Les Américains ont été signalés sur la RN 7 dès le 22 août : des FFI de Choisy le Roi rendent compte à la Préfecture de police que les Allemands se replient à Belle-Epine et que des motocyclistes américains ont été tués avant Rungis (il doit s'agir d'une patrouille de reconnaissance). Le 24 août  à 16h15 la gendarmerie de Belle-Epine appelle à son tour pour indiquer que des canons américains tirent sur la défense allemande constituée de canons de 88 anti-chars …


Danièle Rémy-Collart, dont les beaux parents habitaient Chevilly-Larue pendant la guerre, a bien voulu nous confier ces documents et photos sur la libération de la ville.


 


véhicules américains sur la RN 7 (collection Rémy-Collart)
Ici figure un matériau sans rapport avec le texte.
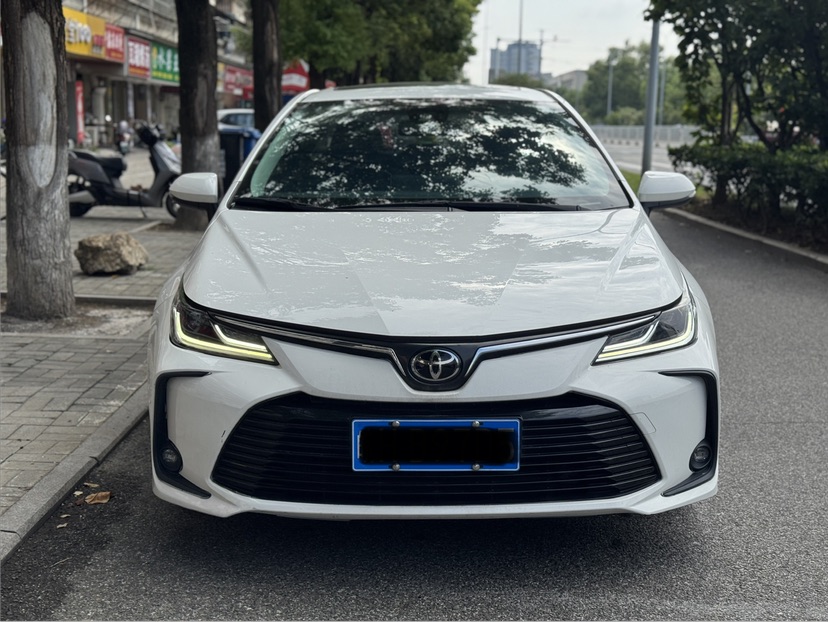 Toyota Corolla 2022 #2 Toyota Corolla 2022 car image #2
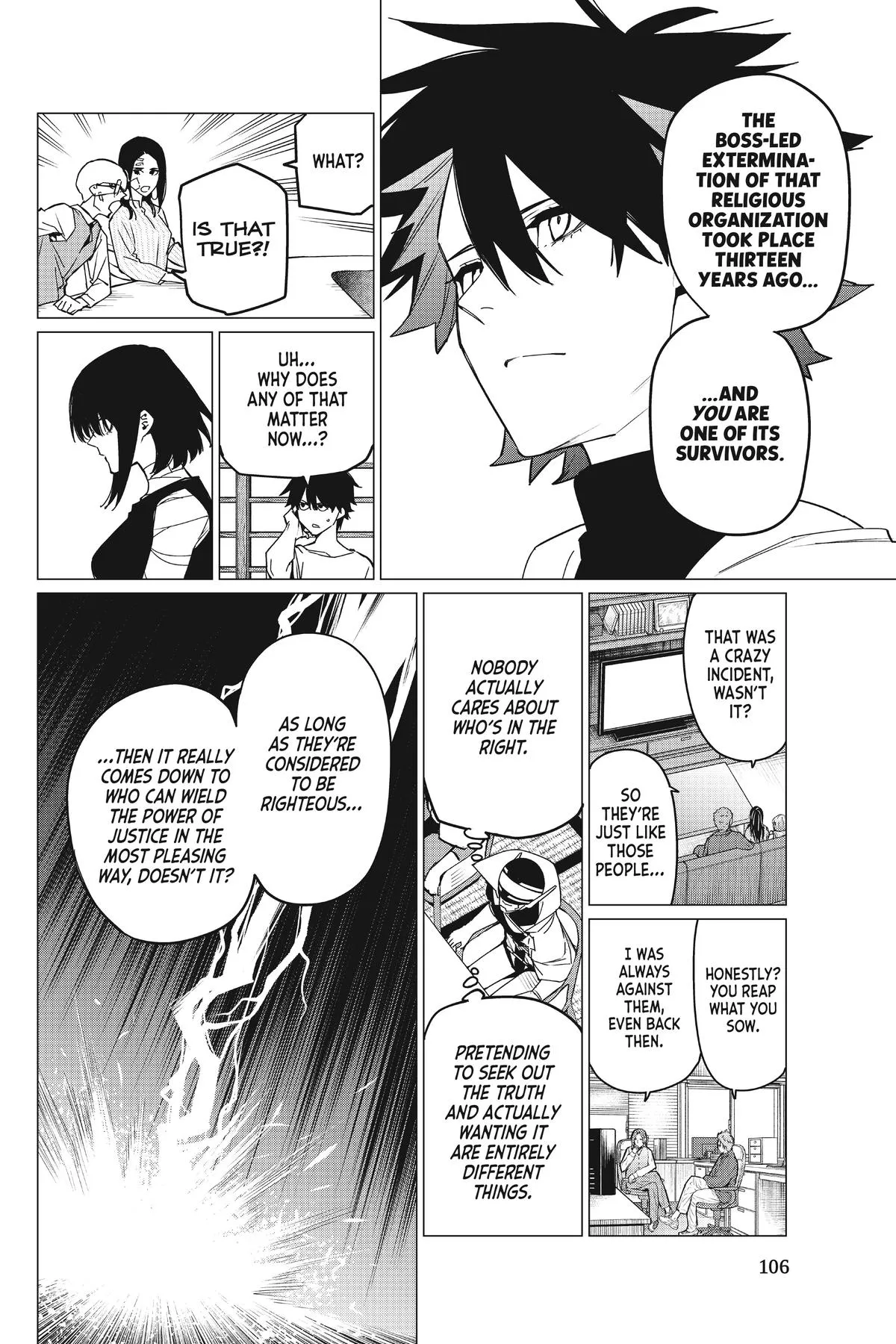 Read Go Go Loser Ranger en Manga Online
Après guerre, le Père Joseph Heidmann a rédigé, à partir des archives du Séminaire des Missions de la Congrégation du Saint-Esprit, un récit très détaillé des évènements qui ont marqué la libération de Chevilly-Larue :

Mercredi 23 août :

Les maires sont changés dans presque toutes les communes. Quelques uns même sont arrêtés comme collaborateurs. Monsieur Hochart devient maire de Chevilly. Le ravitaillement est de plus en plus difficile, à commencer par le pain. 50 grammes par personne et par jour. Si la farine ou le bois de chauffage ne manque pas. Voici que ce matin la radio joue la Marseillaise. Le speaker annonce : "Paris est libéré par les FFI". Tout le monde respire. La guerre est finie … La réalité s'avère toute autre. L'on se bat dans les rues de Paris. Ceux qui reviennent en savent quelque chose, mais également ceux qui ne reviennent pas. La liste des victimes est longue. L'action de la Résistance s'exerce vigoureusement. Les blindés américains se trouvent dans la région de Corbeil-Essonnes.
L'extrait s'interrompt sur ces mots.